Beginning with the line of the entries below that holds "Аксессуар Чехол Xiaomi" and ending with the line that holds "Chanel Summer Hat", transcribe each line exactly as written. Pictures stay out.
====== Materials provided
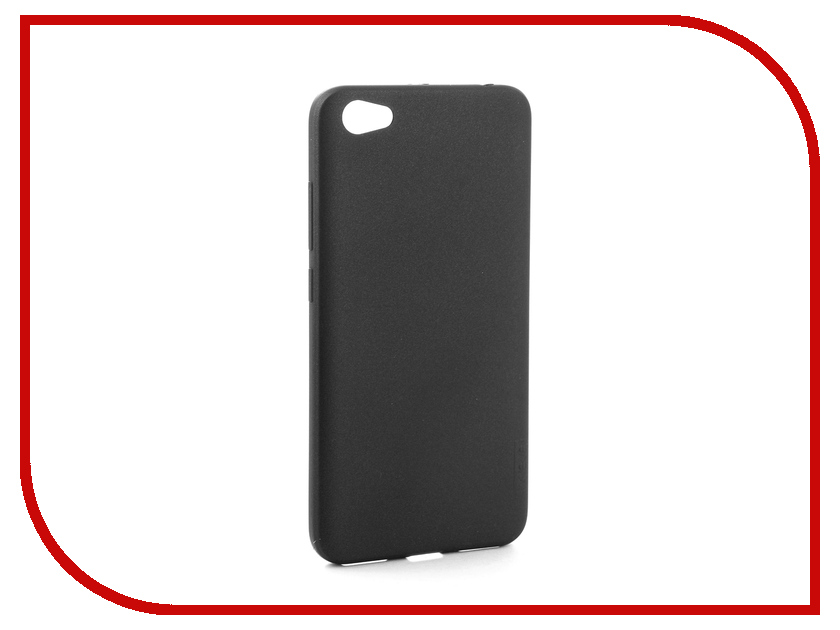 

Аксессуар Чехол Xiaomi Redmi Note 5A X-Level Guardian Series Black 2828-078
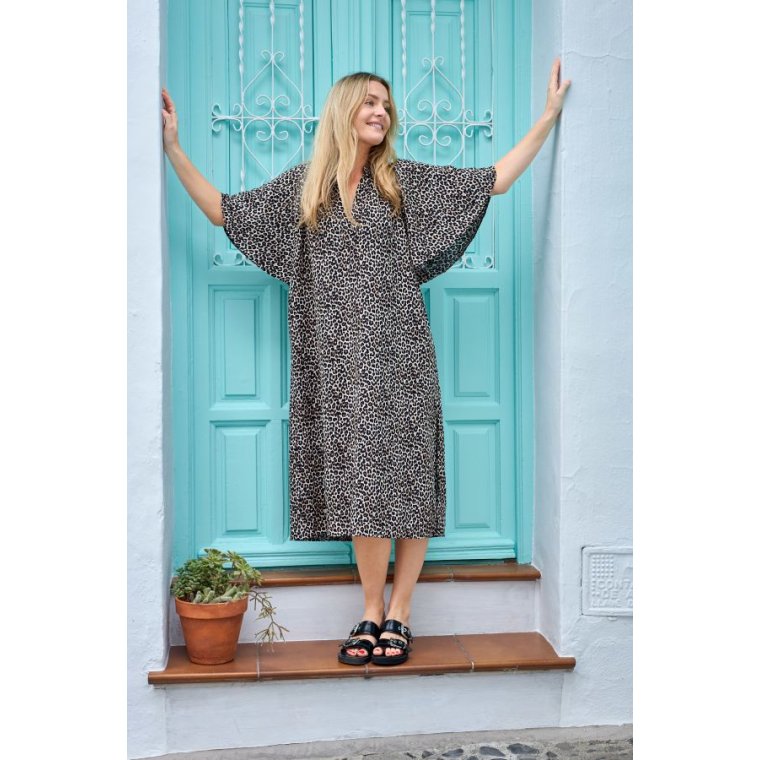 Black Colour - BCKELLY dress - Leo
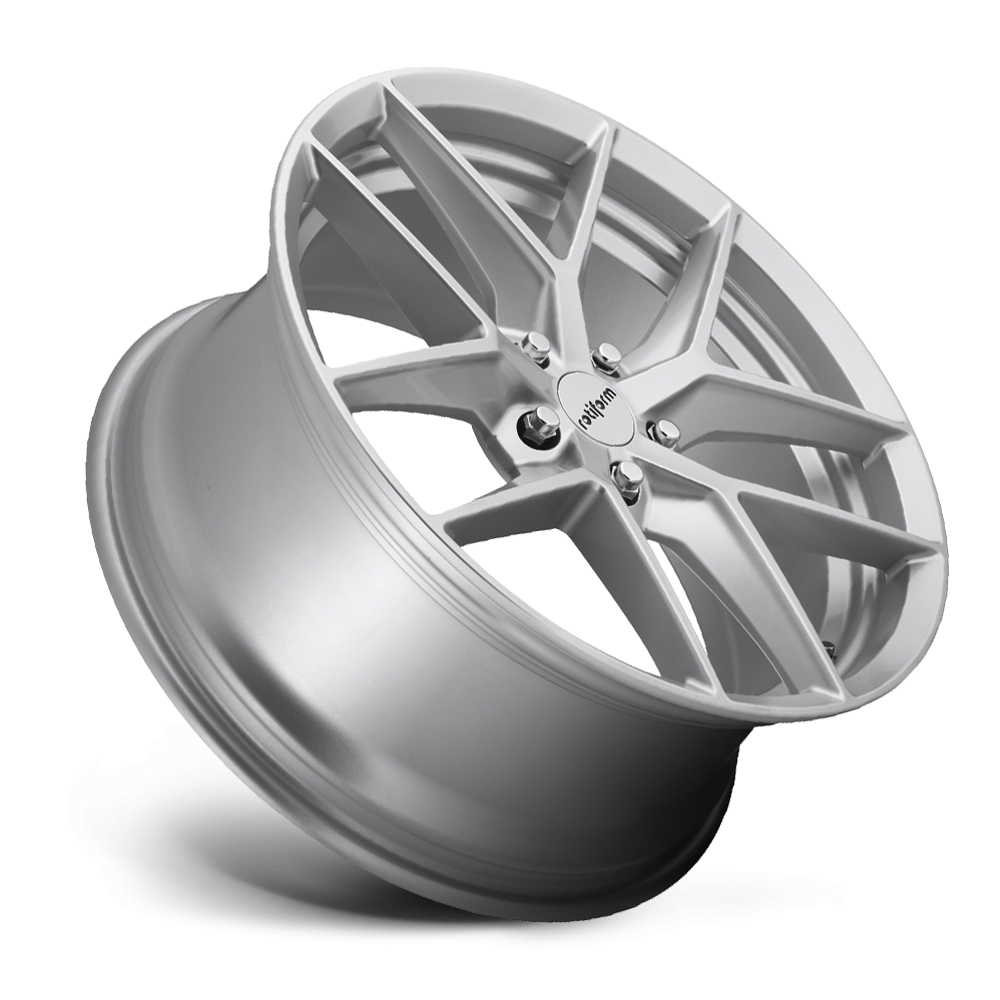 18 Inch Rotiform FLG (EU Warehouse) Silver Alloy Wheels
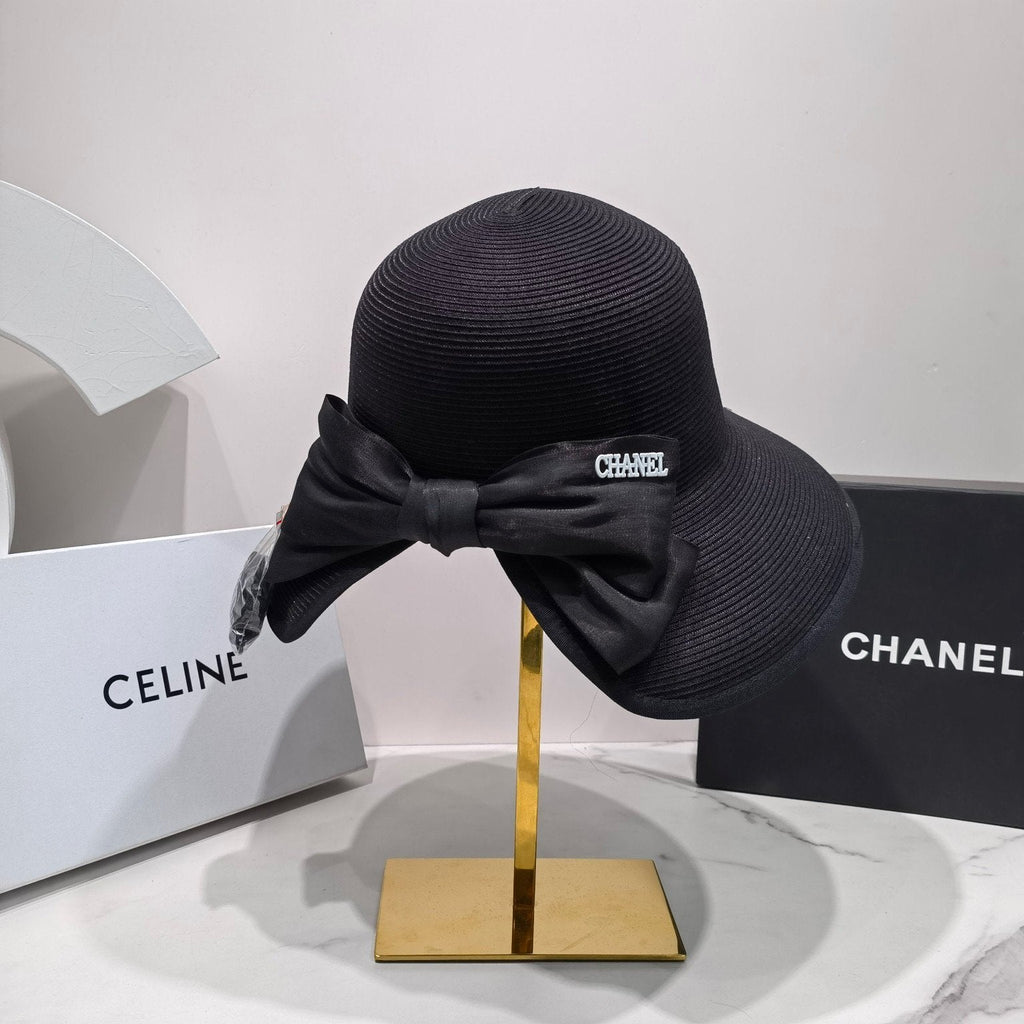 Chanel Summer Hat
============
====== Materials provided
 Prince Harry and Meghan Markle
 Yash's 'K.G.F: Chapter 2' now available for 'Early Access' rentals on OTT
============
> [Output of the exercise]:
Аксессуар Чехол Xiaomi Redmi Note 5A X-Level Guardian Series Black 2828-078
 Black Colour - BCKELLY dress - Leo
 18 Inch Rotiform FLG (EU Warehouse) Silver Alloy Wheels
 Chanel Summer Hat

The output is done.